Poverty in Hawaii doesn't bother me, but it seems to bother me a lot in other places.


----------



## DaveNV (Mar 2, 2013)

You have to factor in cultural differences, too.  Hawaii has a familiar culture and "Spirit of Aloha," etc, that we all know pretty well.  The islands in the Caribbean have a MUCH different history, both culturally and economically.  They are governed differently today, and tourists have a very different kind of experience visiting there.  Contrast the differences between Don Ho and Bob Marley.

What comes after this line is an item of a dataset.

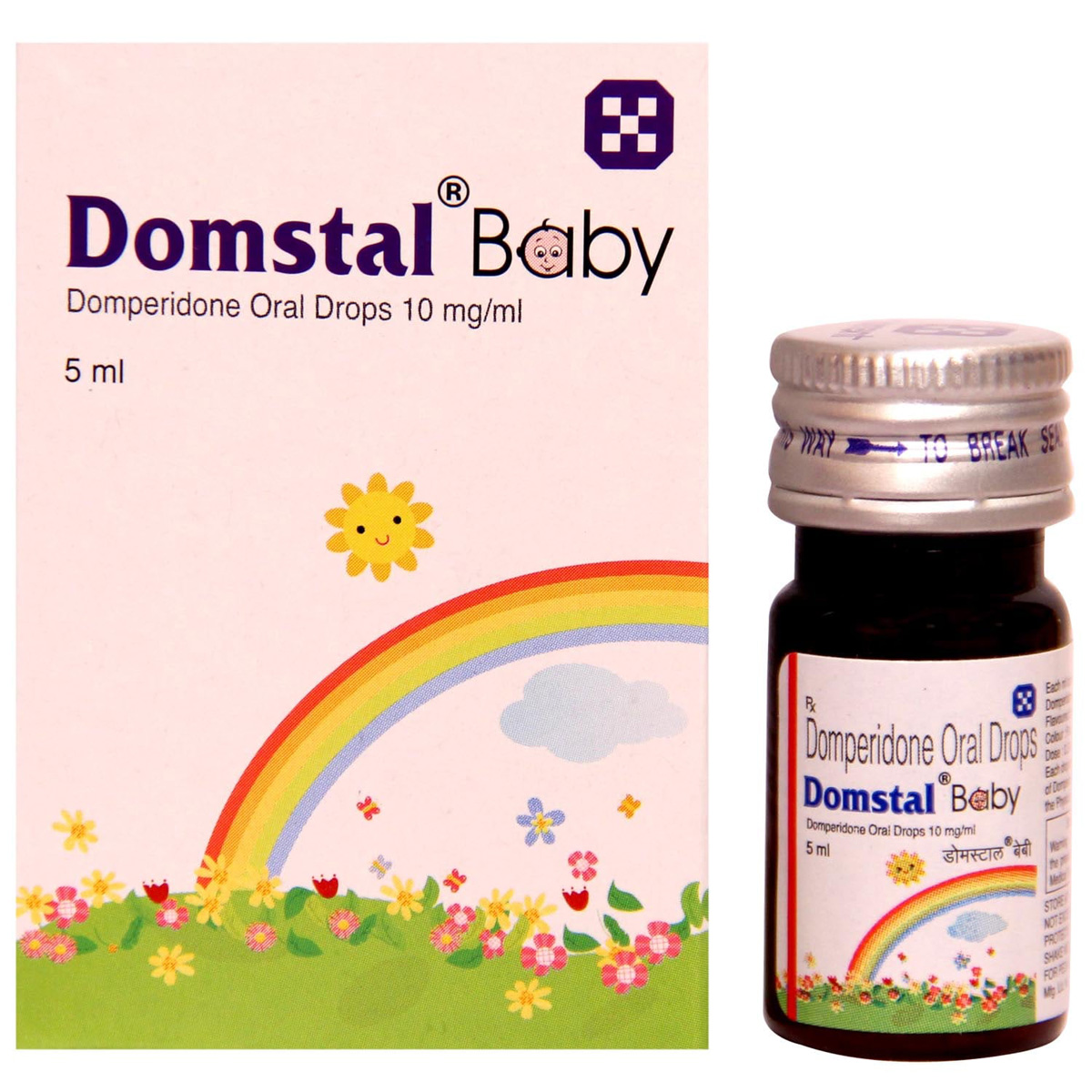 Domstal Baby Oral Drops 5 ml, Pack of 1 Drops Domstal Baby Oral Drops 5 ml, Pack of 1 Drops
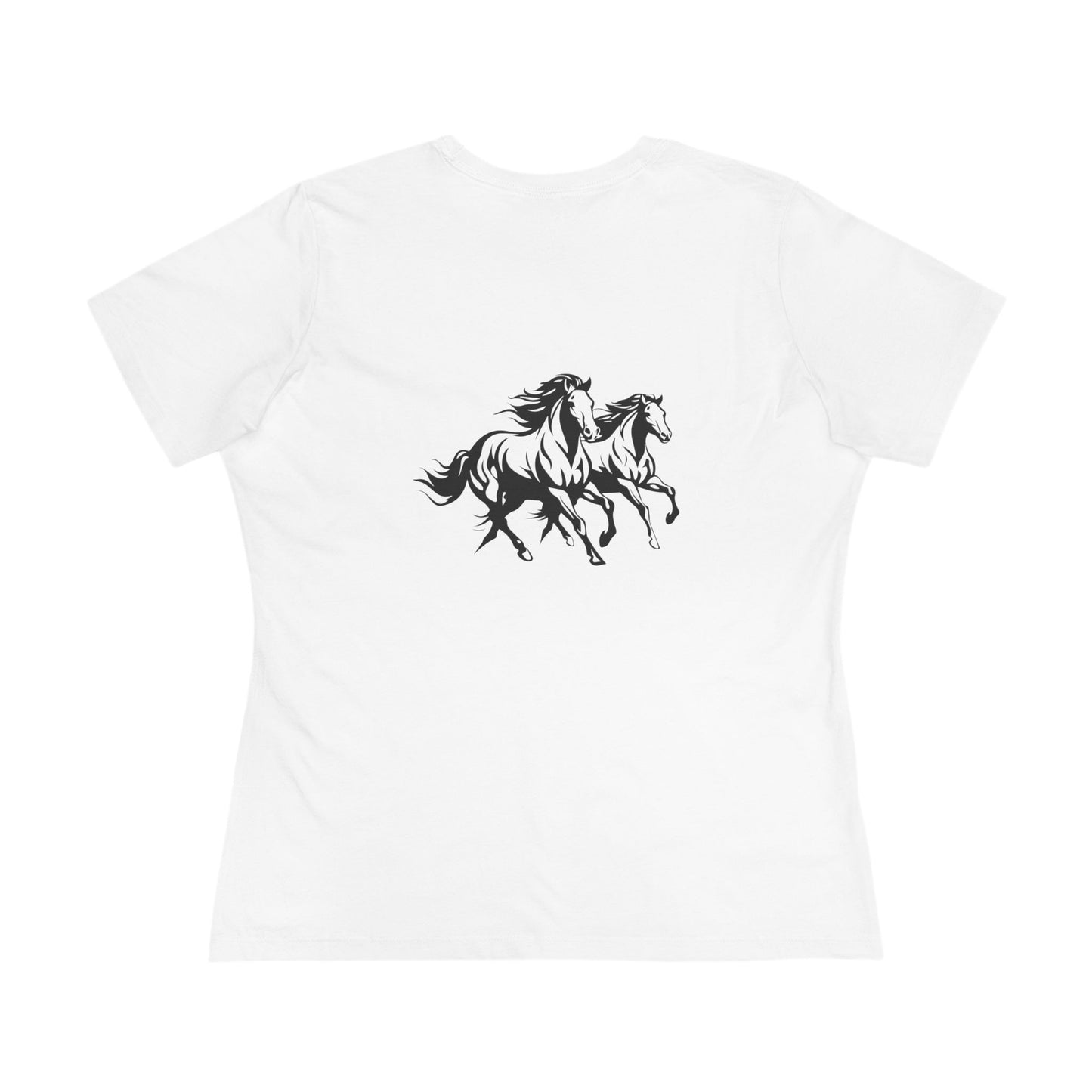 Horsin' Around Women's Short Sleeve Crewneck Tee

So to answer your first question:  For me, no.  There is nothing else to compare to Hawaii.  

Dave


----------



## Blue Skies (Mar 2, 2013)

We were in Honolulu in early January 2013, went snorkeling, and thought the water was cold.  The water in the Caribbean seems much warmer for snorkeling.


----------



## slip (Mar 2, 2013)

I agree with Dave and the OP. Besides Hawaii, all the other islands I've been to,
I don't have a desire to go back. Hawaii has that Aloha that keeps me going 
Back. I also love Hawaii for all the reasons on Presley's list. I'll have to watch 
This thread to see if anyone thinks there's something like it because I'll just
Keep going back to Hawaii.


----------



## timeos2 (Mar 2, 2013)

We tried to like the Caribbean islands as much as Hawaii as it is a much shorter (and cheaper) area for us to get to & stay at. But there was no comparison. Hawaii is unique. When they coined the word paradise I believe they had Hawaii in mind.


----------



## DanaTom (Mar 2, 2013)

We've been to a dozen or so Islands in the Caribbean, and while they all seem to have unique qualities, none are the all-in package deal that Hawaii is.   With that said, after a visit to Hawaii this year, we do think it's time for a visit back to a Caribbean Island.....    St Thomas or Aruba... as we have yet to visit them.   

Aloha!


----------



## x3 skier (Mar 2, 2013)

I don't know, Honolulu always reminded me of Indianapolis with an ocean.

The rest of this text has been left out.